Faltou também Juan Guaidó, esse fascista protegido político de Santos Silva,
reconhecido temporariamente como presidente da Venezuela sem ter sequer
concorrido a eleições, apenas porque assim o determinou a Casa Branca. Dizer que
o actual presidente da Assembleia da República e o governo de que então fazia
parte foram coniventes com uma tentativa de golpe em Caracas é um disparate,
porque se tratou apenas de tentar repor a ordem democrática para corrigir a
decisão equivocada do povo venezuelano ao eleger de maneira legítima e
transparente alguém que, segundo as regras do Ocidente global, nunca poderia ser
presidente.
Não era de esperar uma atitude diferente nos círculos maioritários do Parlamento
português onde, a exemplo dos outros órgãos de poder actuando globalmente como
simples correias de transmissão de Washington/NATO e da União Europeia, a paz
só pode ser encontrada quando a guerra terminar com a derrota e a extinção da
Rússia. Assim o determinam o tartamudo Biden, Van der Leyen, Borrel e a ministra
alemã dos Negócios Estrangeiros, Annalena Baerbock, uma espécie de dona disto
tudo, uma dirigente “verde” que tem com a ecologia uma relação similar à do Bloco
de Esquerda com a esquerda. O fenómeno ecológico-militarista existe, aliás, há
mais de 20 anos, pois já o chefe verde alemão da época, Joschka Fischer, foi um dos
principais estrategos da agressão terrorista da NATO contra a Sérvia e da invenção
provocatória do Kosovo.
Embora o tempo fosse pouco, deveria a delegação portuguesa, apesar das suas
arreigadas convicções, ter procurado possíveis fontes independentes para se
inteirar com maior profundidade da realidade ucraniana. O relatório final da
missão, se chegar a ser elaborado, dir-nos-á – ou não – se os deputados
portugueses fizeram algum esforço para respeitar essa obrigação.

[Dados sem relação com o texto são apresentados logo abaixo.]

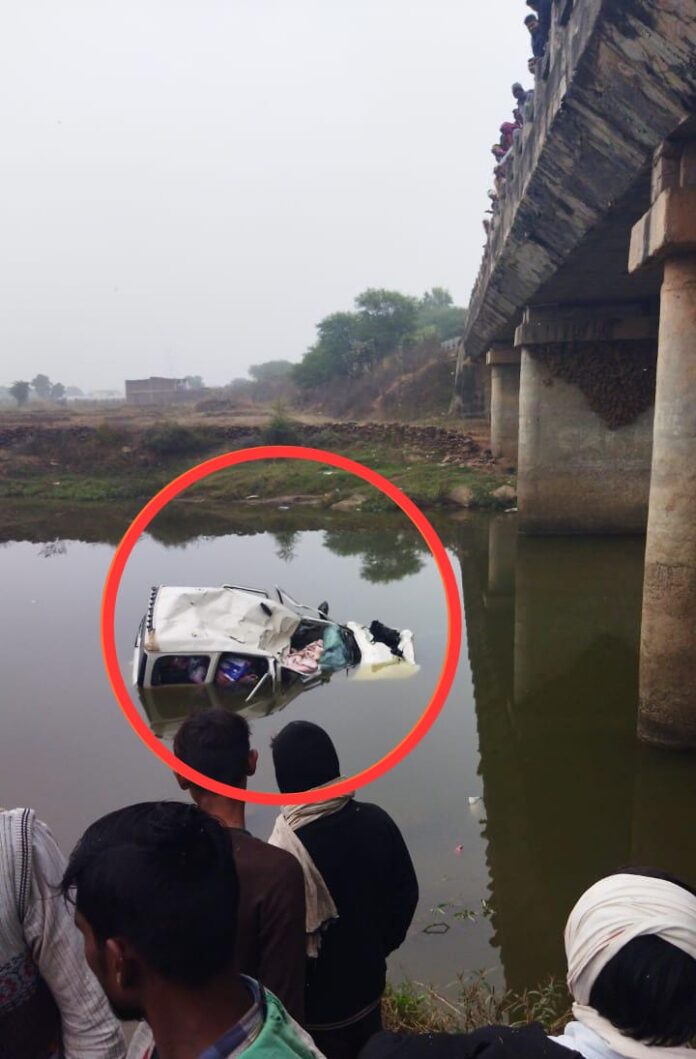 Damoh News: कार नाले में गिरी, एक की मौत, एक गंभीर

Não deliremos, porém, esperando por informações que exponham, nem que seja ao
de leve, a crueza da ditadura: para SS, tendo em conta os seus comportamentos
políticos, a realidade dos factos é coisa que não conta. A ordem internacional
baseada em regras assenta numa virtualidade paralela onde se conjecturam os
grandes e pequenos artifícios como esta delegação de prestidigitadores para
mascarar e mistificar uma situação que, no limite e tendo em conta os objectivos
telúricos confessados pela NATO, põe toda a humanidade em perigo.